↓

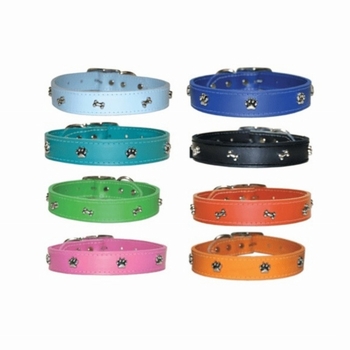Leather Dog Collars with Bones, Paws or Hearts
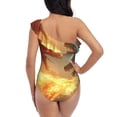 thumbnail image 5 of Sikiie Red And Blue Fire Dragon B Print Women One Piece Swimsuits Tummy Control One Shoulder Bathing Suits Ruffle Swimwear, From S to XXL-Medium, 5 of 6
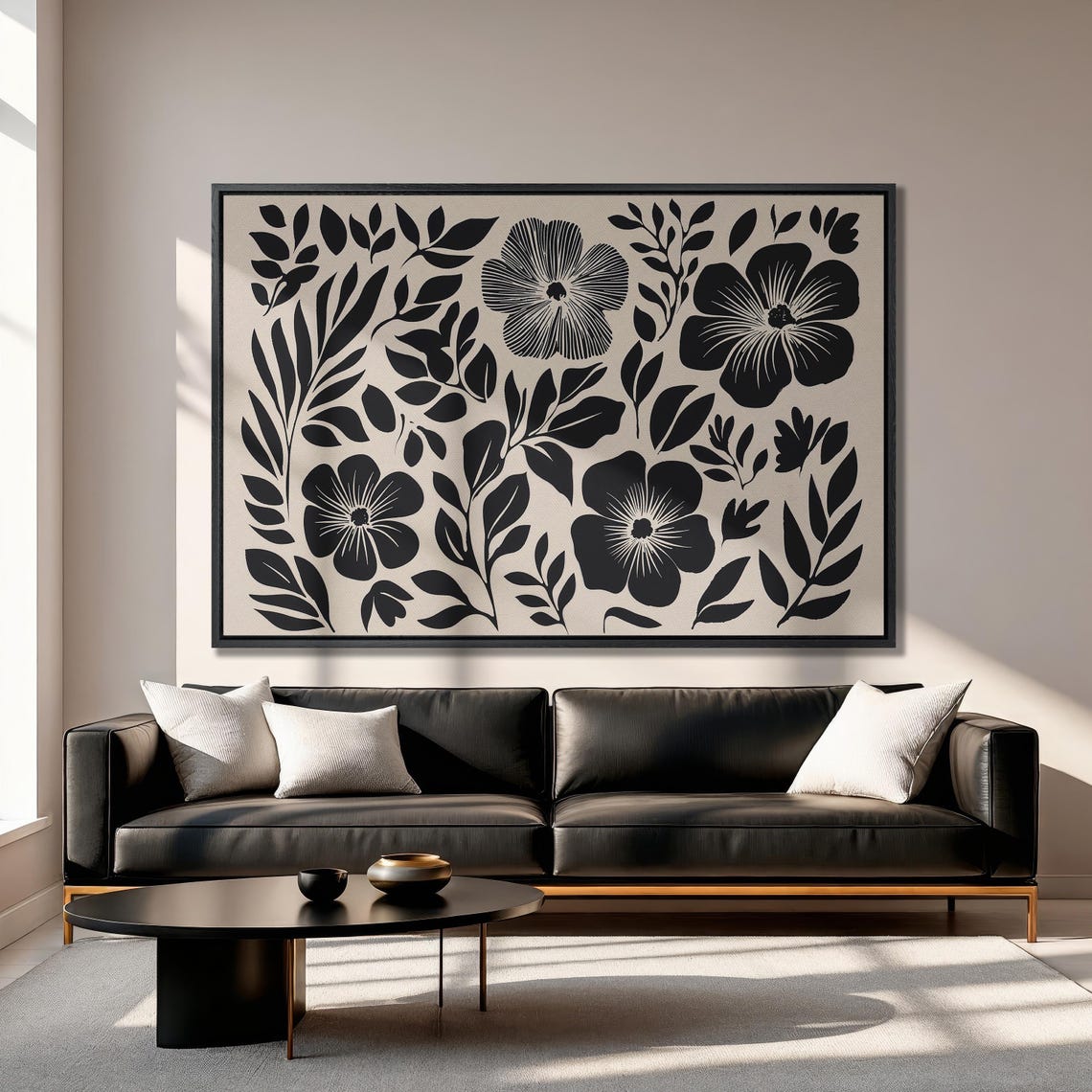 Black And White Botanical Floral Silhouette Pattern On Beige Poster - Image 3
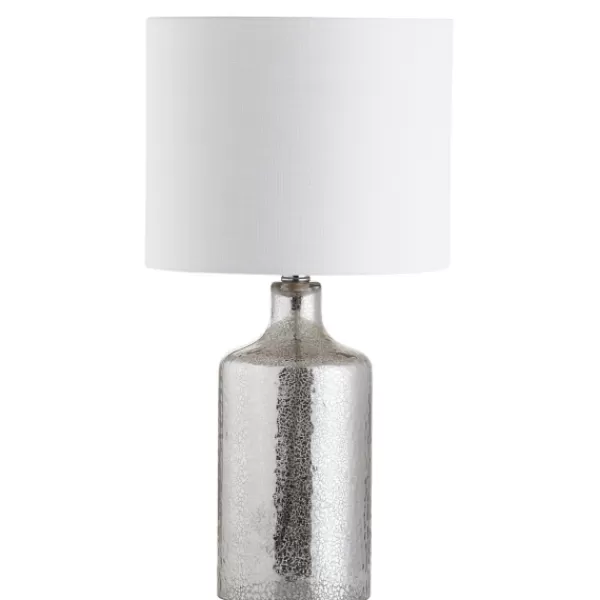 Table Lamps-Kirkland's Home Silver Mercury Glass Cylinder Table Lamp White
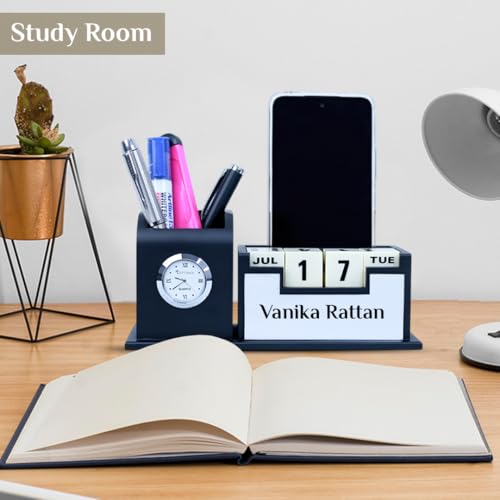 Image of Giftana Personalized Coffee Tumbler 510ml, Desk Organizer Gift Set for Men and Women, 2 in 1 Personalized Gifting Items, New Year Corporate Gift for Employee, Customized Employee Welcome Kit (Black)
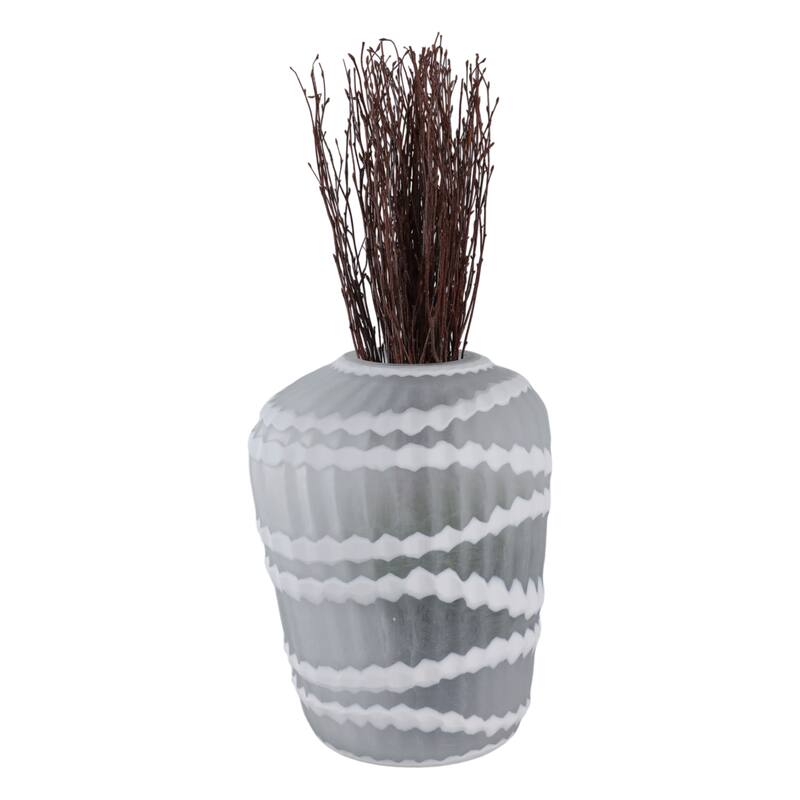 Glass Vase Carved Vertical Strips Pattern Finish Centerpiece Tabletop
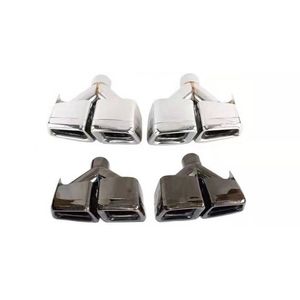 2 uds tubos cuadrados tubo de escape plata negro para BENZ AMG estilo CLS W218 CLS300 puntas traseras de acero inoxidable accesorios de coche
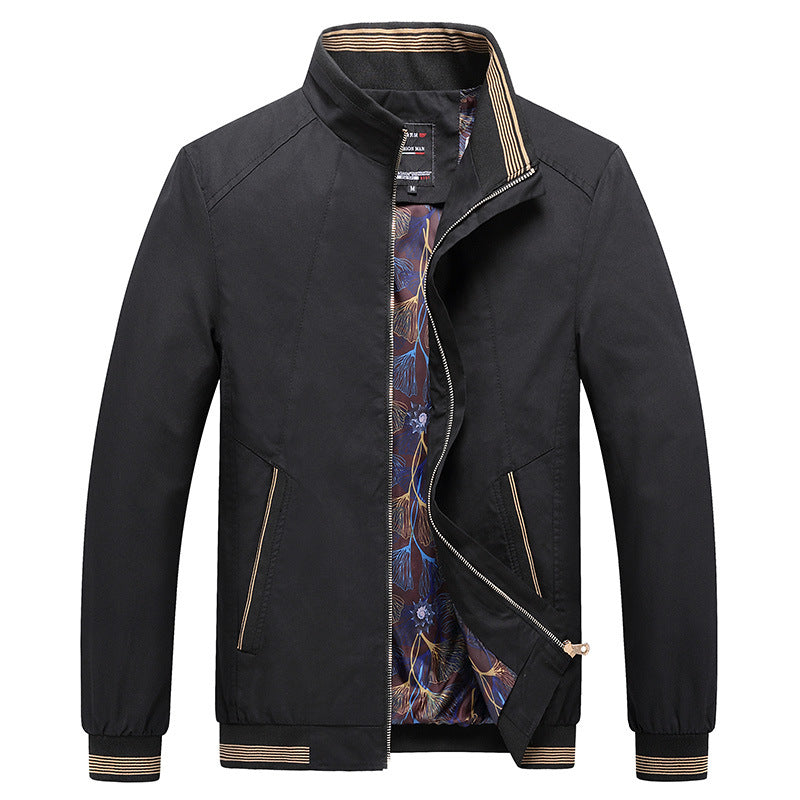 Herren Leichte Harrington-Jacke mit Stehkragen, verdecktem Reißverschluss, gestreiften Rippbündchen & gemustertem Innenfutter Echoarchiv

↑

# Problem details
In the records above, find the line containing "Black And White" and the line containing "Table Lamps-Kirkland's Home", then give both of them again word for word along with every line between. Omit any pictures.

# Answer area
 Black And White Botanical Floral Silhouette Pattern On Beige Poster - Image 3
 Table Lamps-Kirkland's Home Silver Mercury Glass Cylinder Table Lamp White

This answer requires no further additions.